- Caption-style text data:
--
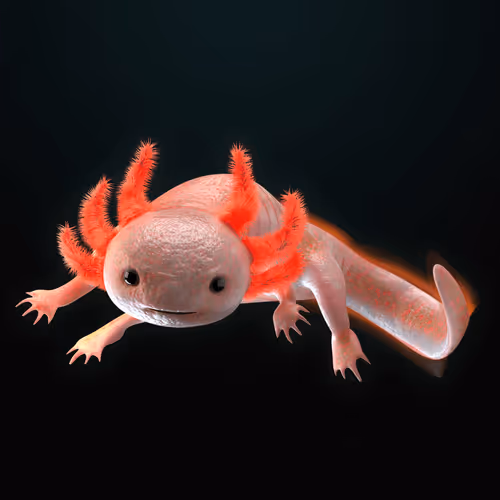 Item #39982110375740153587505644478940195082872270202471884348459982191980219203585 Media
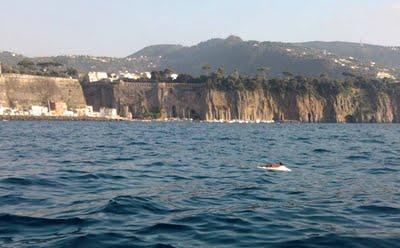 DELFINO MORTO NEL MARE DELLA PENISOLA SORRENTINA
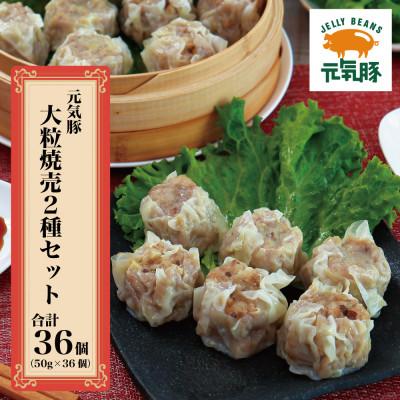 ふるさと納税 多古町 【千葉県産三元豚】元気豚 大粒焼売2種セット(2種 合計36個入)【シュウマイ】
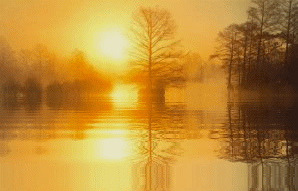 Condolence image of Elke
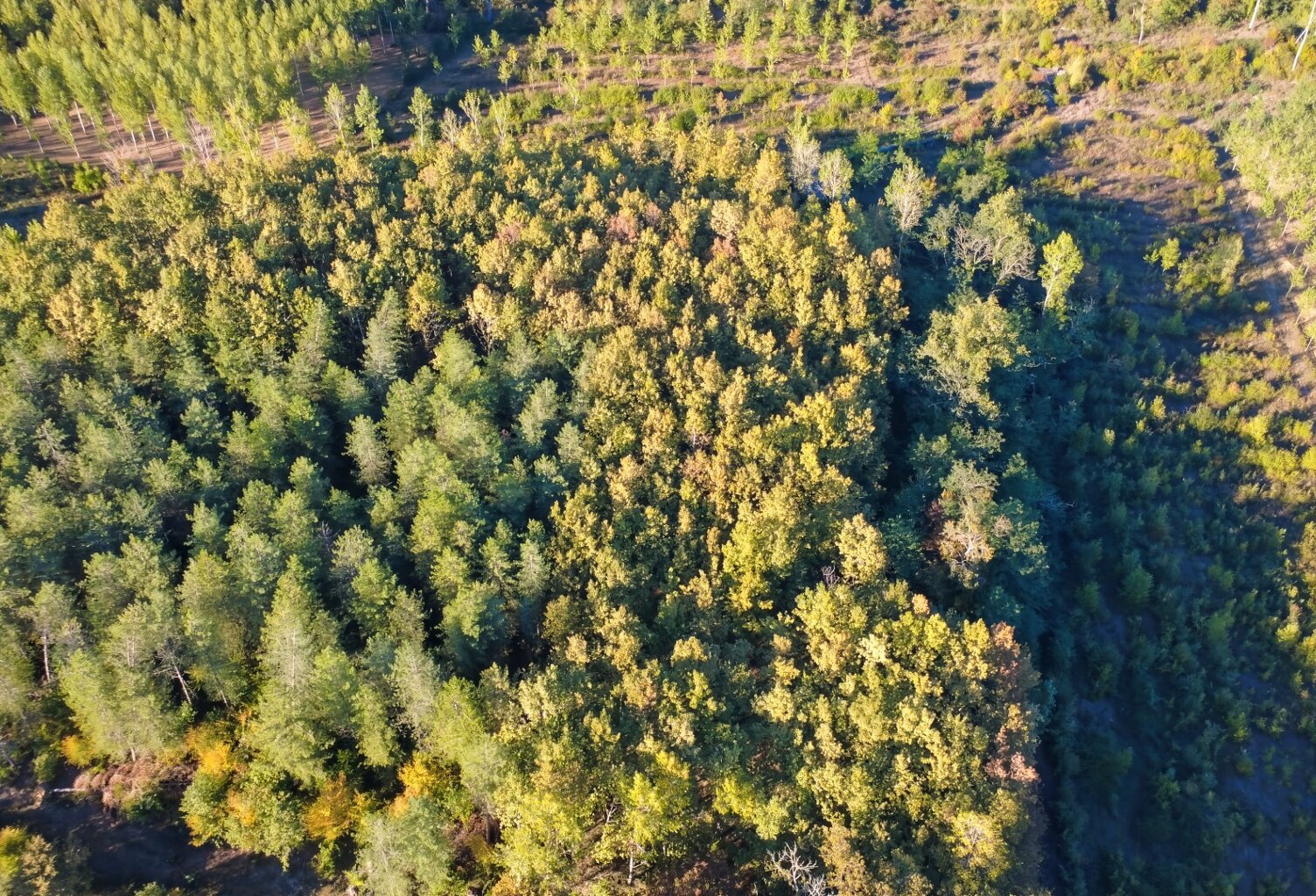 8,5 hectares de bois PARLEBOSCQ (40) — photo 1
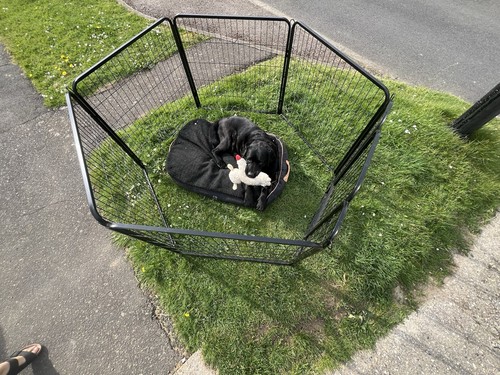 Dog pen by - pen, (modular)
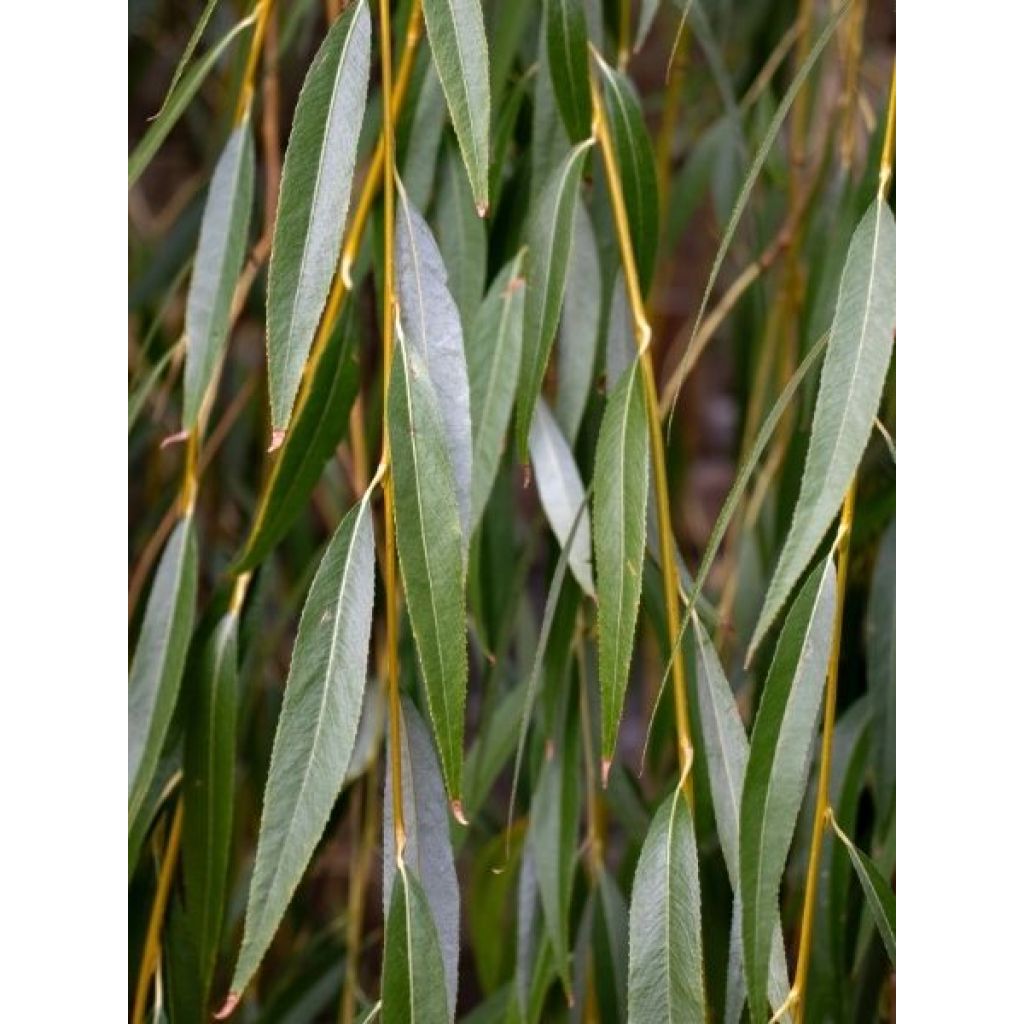 Saule pleureur - Salix alba Tristis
--
- TRY IT: Write out the records shown above exactly, but do not include any images.

- EXERCISE SOLUTION:
 Item #39982110375740153587505644478940195082872270202471884348459982191980219203585 Media
 DELFINO MORTO NEL MARE DELLA PENISOLA SORRENTINA
 ふるさと納税 多古町 【千葉県産三元豚】元気豚 大粒焼売2種セット(2種 合計36個入)【シュウマイ】
 Condolence image of Elke
 8,5 hectares de bois PARLEBOSCQ (40) — photo 1
 Dog pen by - pen, (modular)
 Saule pleureur - Salix alba Tristis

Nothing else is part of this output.